Raw data:
=-=-=-=-=

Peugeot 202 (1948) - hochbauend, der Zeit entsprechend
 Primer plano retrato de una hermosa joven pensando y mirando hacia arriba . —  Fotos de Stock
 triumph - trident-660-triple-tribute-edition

=-=-=-=-=

To do: Produce the whole listing once more, exactly.

Response area:
Peugeot 202 (1948) - hochbauend, der Zeit entsprechend
 Primer plano retrato de una hermosa joven pensando y mirando hacia arriba . —  Fotos de Stock
 triumph - trident-660-triple-tribute-edition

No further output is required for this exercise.